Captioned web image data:
..............................

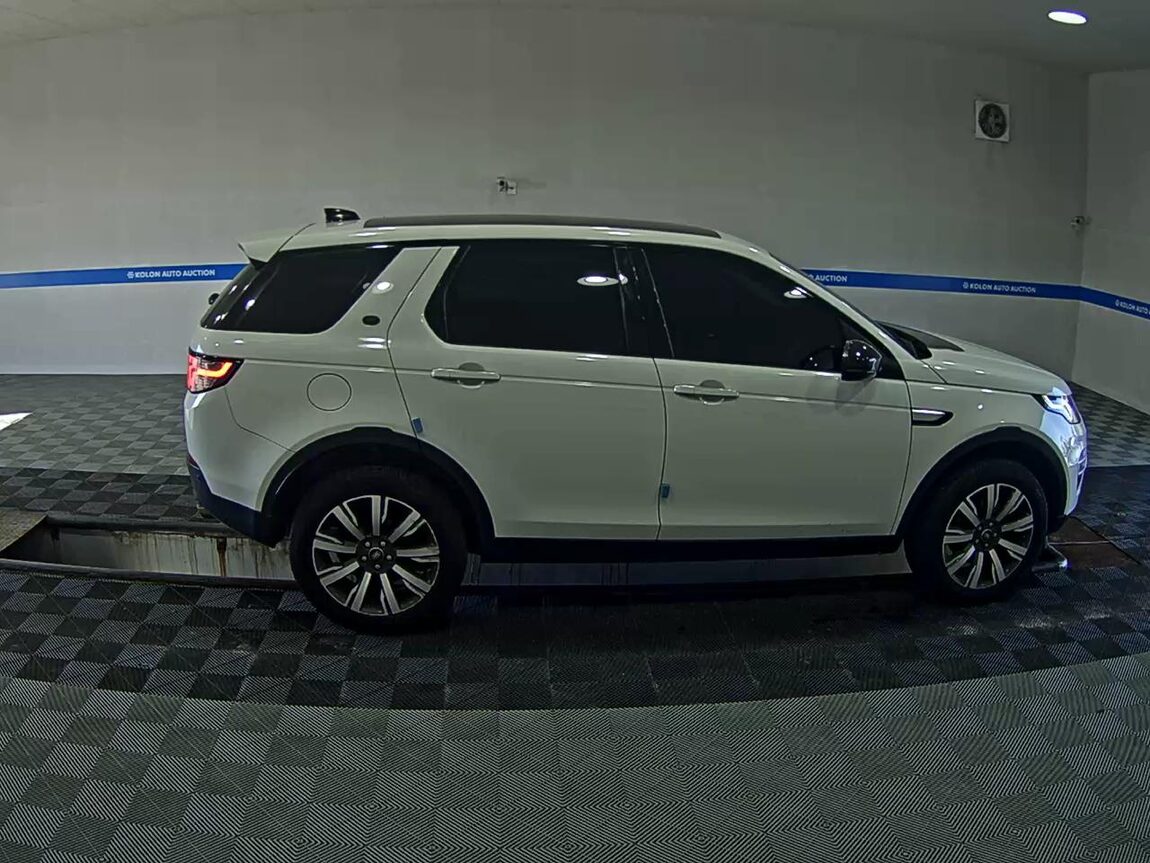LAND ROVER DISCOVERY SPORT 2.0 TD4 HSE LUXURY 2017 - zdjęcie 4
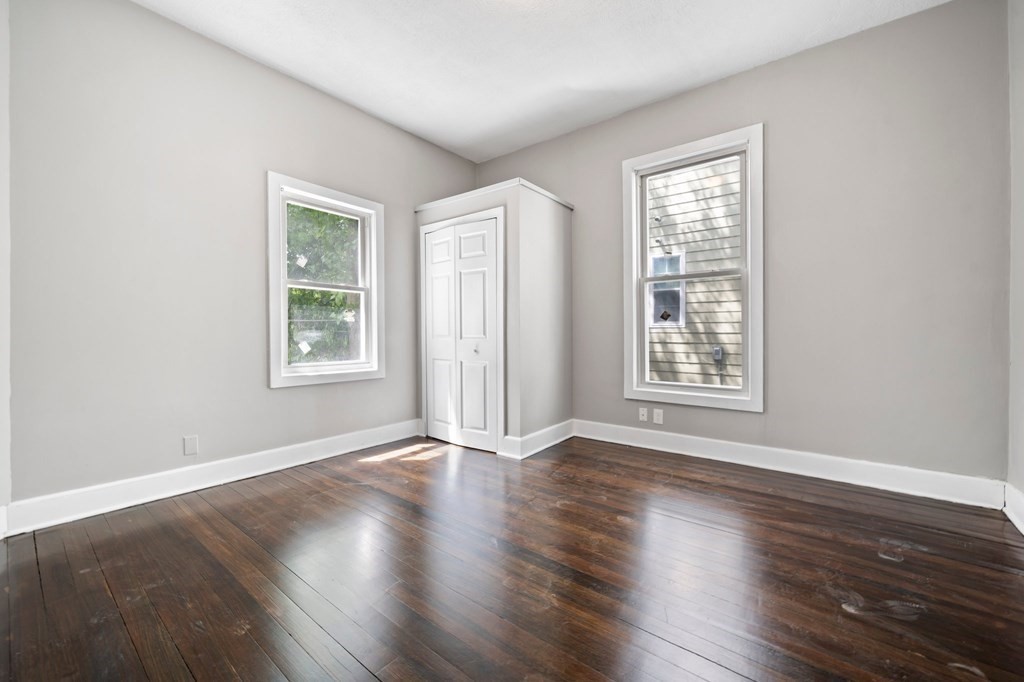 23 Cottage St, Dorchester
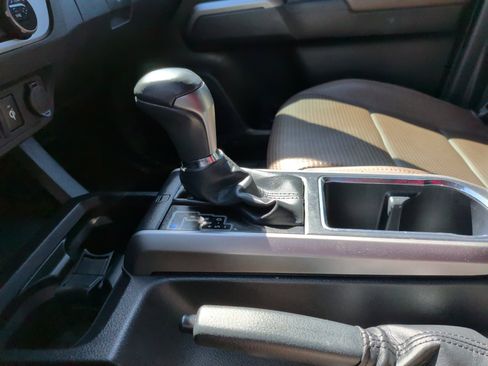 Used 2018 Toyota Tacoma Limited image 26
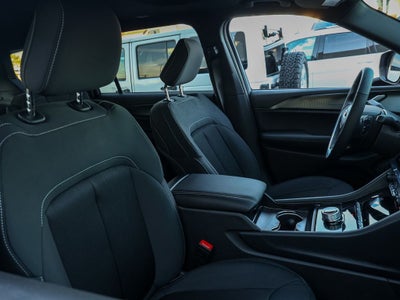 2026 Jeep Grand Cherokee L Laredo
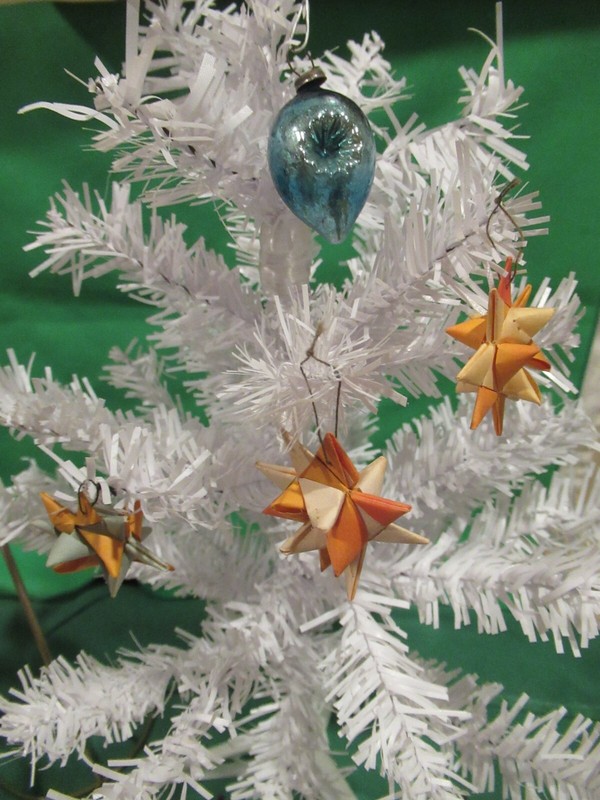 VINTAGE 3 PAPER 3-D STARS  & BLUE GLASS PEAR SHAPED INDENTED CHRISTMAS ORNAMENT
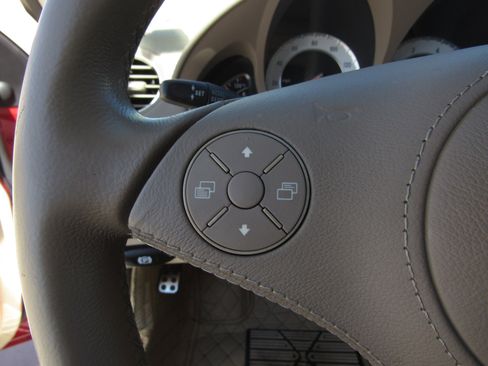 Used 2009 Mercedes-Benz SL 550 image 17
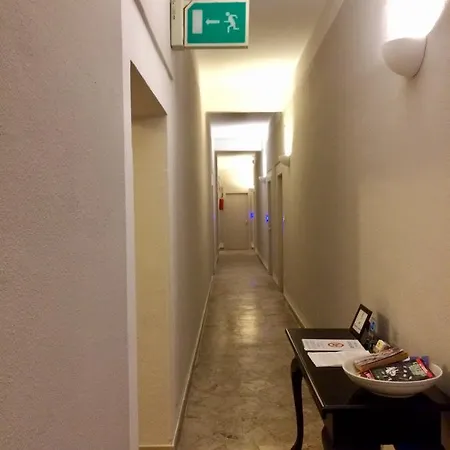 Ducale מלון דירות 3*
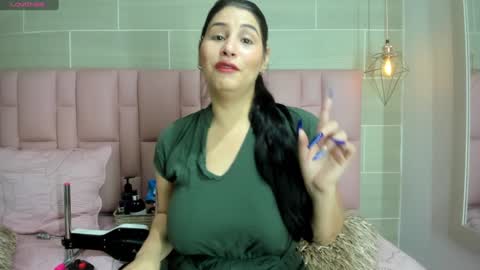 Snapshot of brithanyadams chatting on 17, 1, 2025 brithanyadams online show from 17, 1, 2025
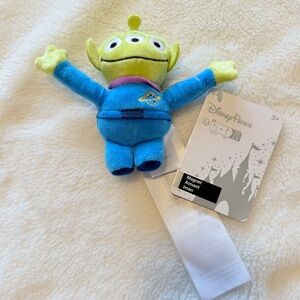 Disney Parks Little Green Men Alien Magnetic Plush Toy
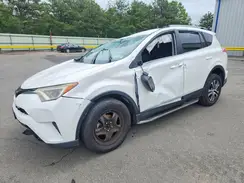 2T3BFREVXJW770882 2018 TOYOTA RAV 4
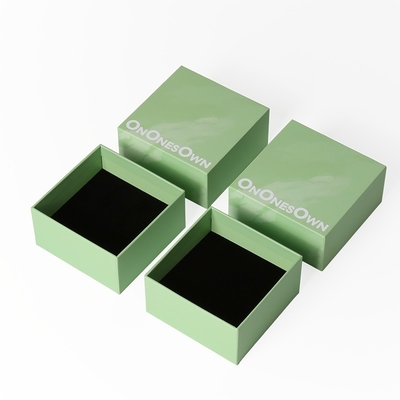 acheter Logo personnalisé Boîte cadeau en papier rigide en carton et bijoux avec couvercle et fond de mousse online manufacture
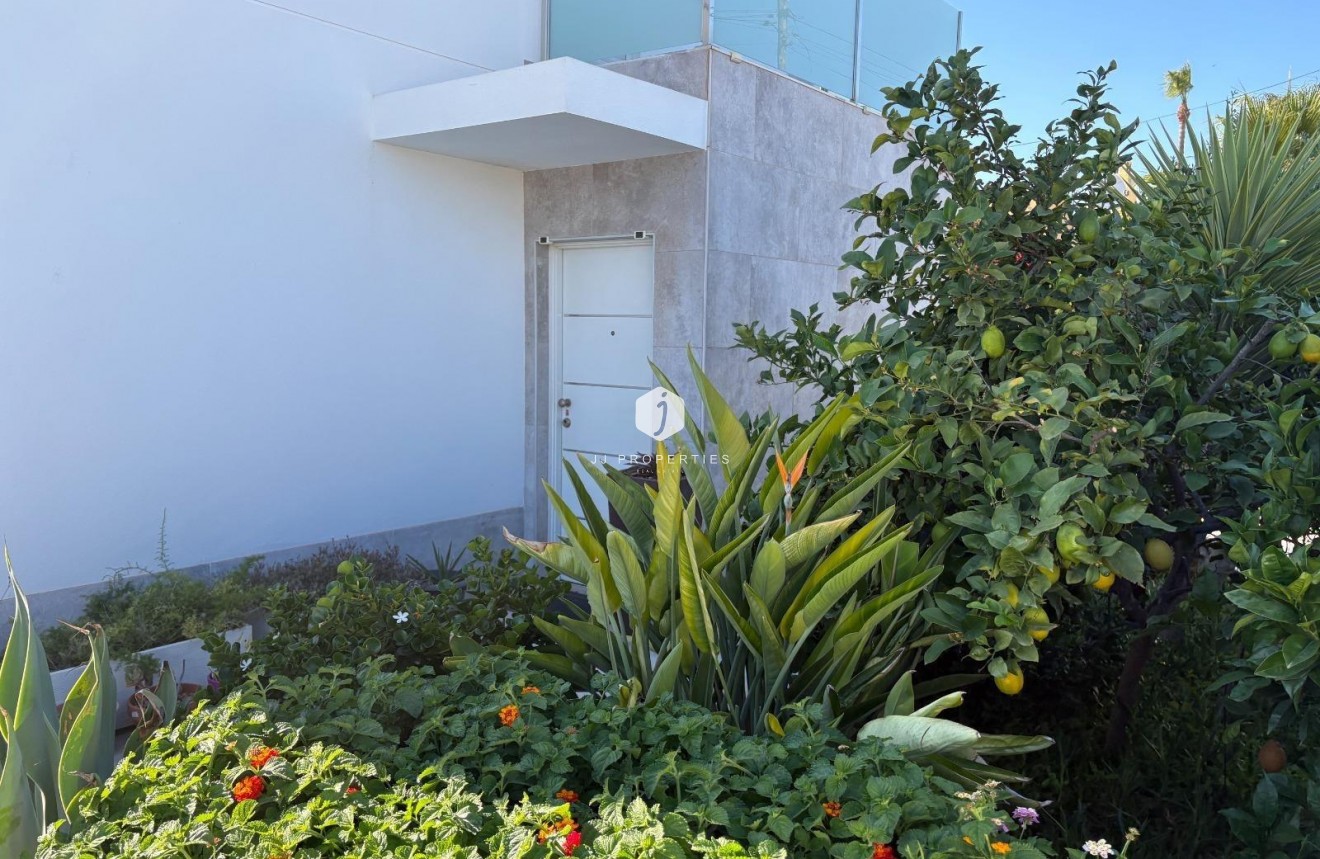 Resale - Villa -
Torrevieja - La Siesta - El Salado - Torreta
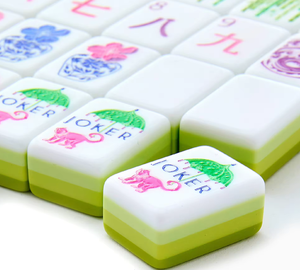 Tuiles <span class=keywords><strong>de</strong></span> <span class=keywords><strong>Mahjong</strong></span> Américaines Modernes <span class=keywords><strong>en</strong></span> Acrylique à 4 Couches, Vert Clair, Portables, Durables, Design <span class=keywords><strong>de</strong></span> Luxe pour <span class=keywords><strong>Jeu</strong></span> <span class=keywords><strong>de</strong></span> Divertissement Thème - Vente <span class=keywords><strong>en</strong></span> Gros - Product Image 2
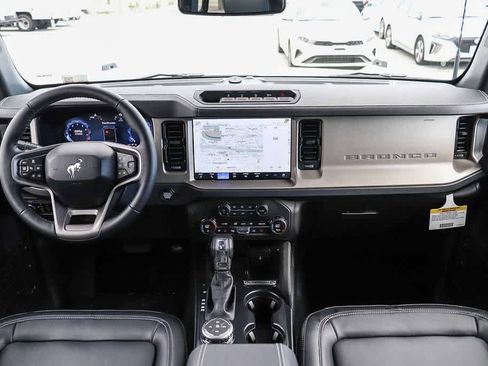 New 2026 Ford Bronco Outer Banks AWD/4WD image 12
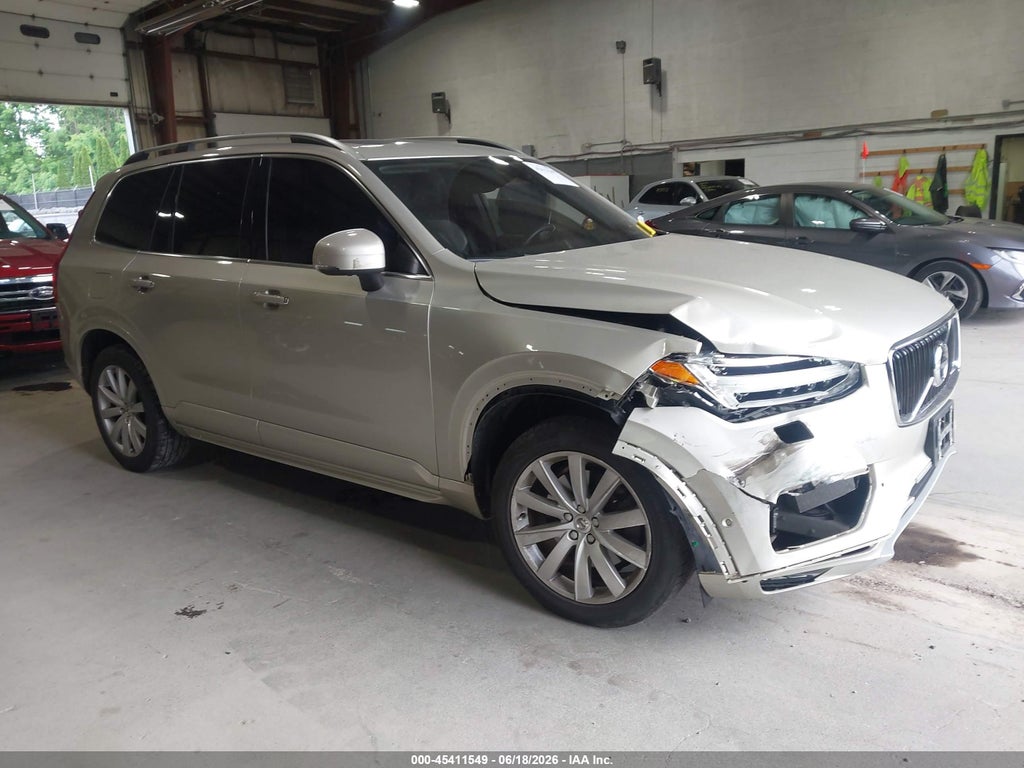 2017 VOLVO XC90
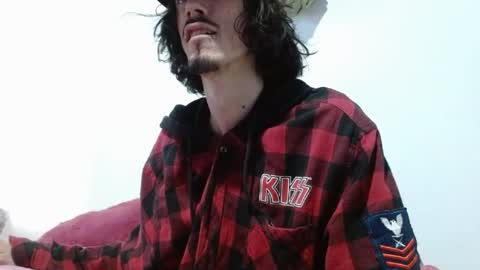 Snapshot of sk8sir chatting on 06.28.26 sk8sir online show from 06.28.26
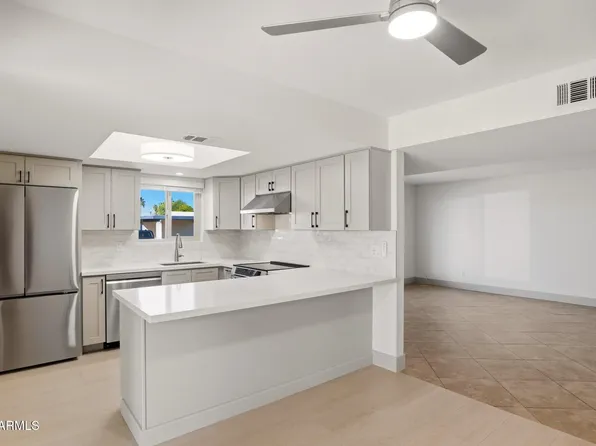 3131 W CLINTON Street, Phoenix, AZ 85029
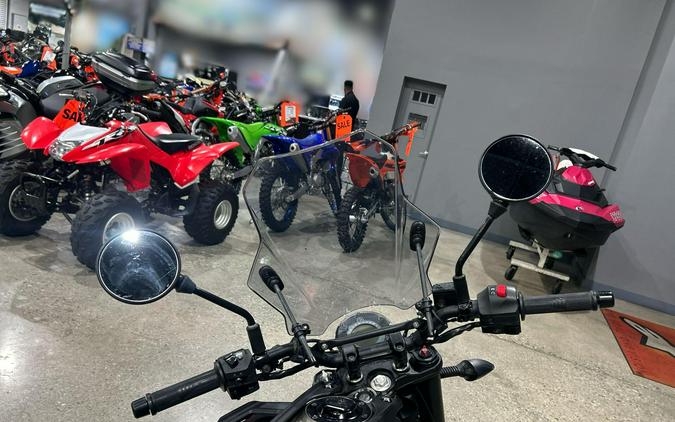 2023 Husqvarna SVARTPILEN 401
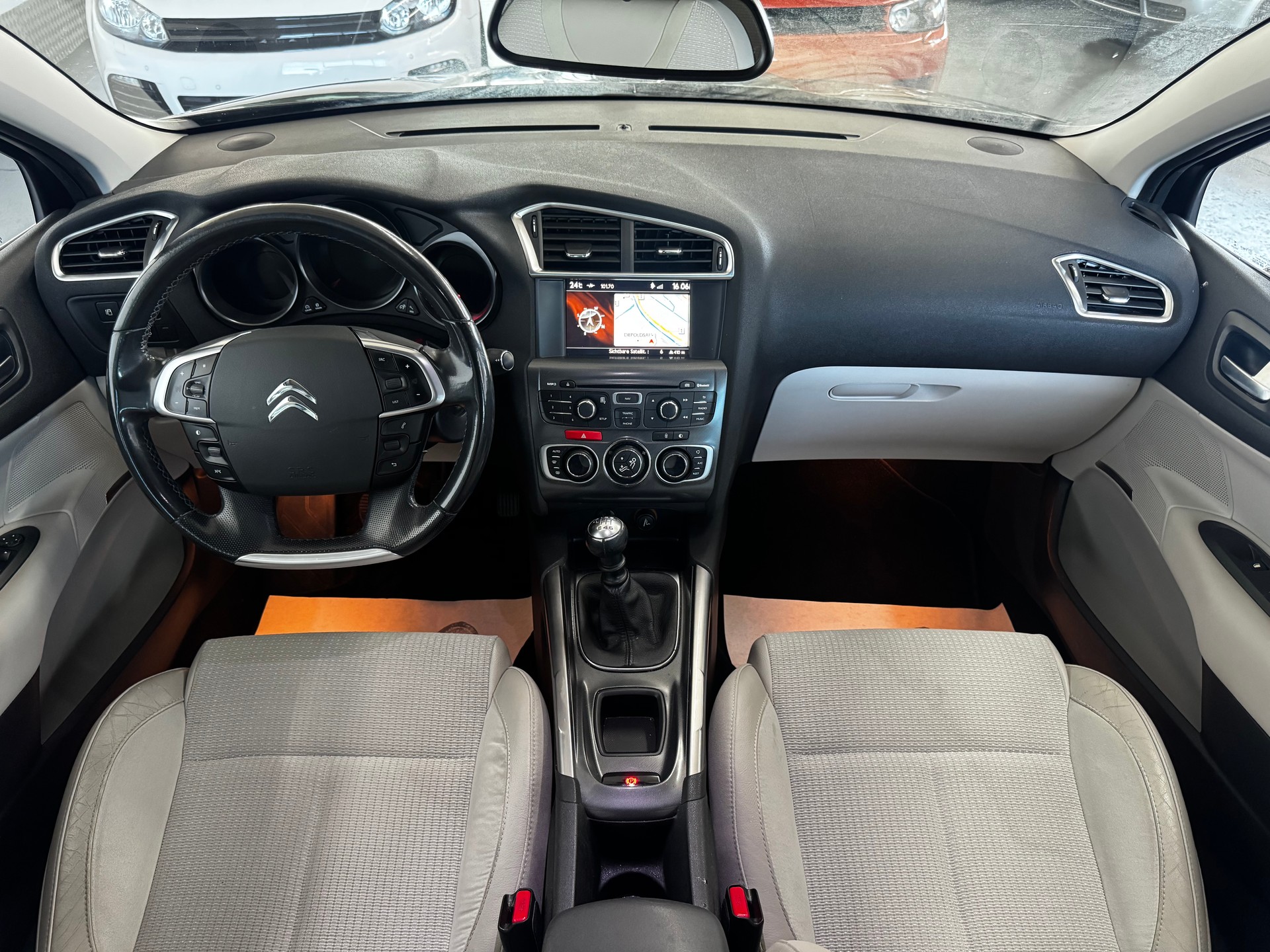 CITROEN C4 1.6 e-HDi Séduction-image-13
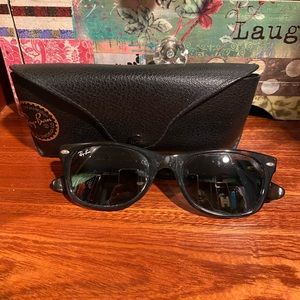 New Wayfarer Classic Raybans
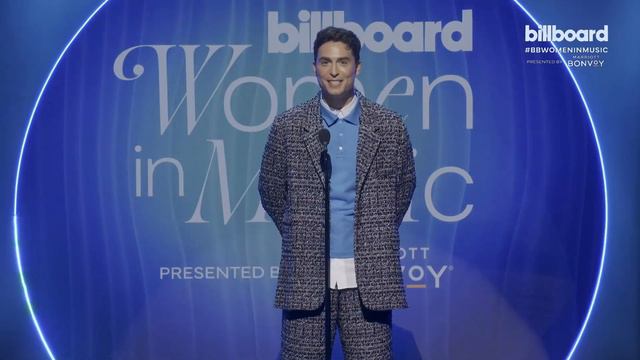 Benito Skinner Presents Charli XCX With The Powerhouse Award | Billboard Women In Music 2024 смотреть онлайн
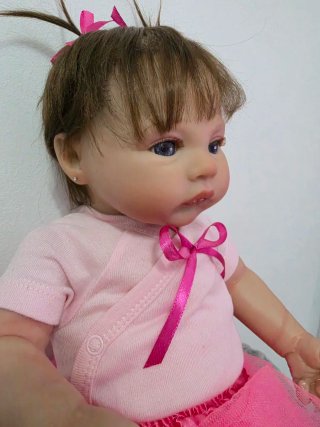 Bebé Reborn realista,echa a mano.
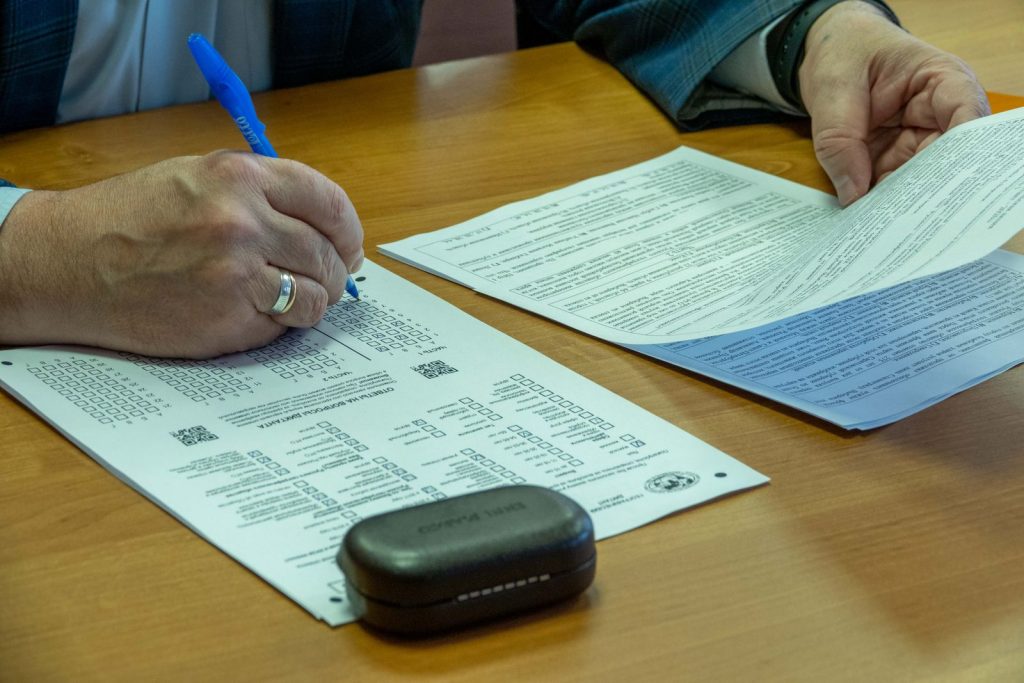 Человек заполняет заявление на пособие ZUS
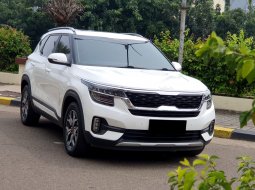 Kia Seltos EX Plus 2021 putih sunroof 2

..............................

Only the lines from the one containing "Bebé Reborn realista,echa a mano." through the last line of the entries above should be copied, exactly as they are and without the pictures.

Task answer
 Bebé Reborn realista,echa a mano.
 Человек заполняет заявление на пособие ZUS
 Kia Seltos EX Plus 2021 putih sunroof 2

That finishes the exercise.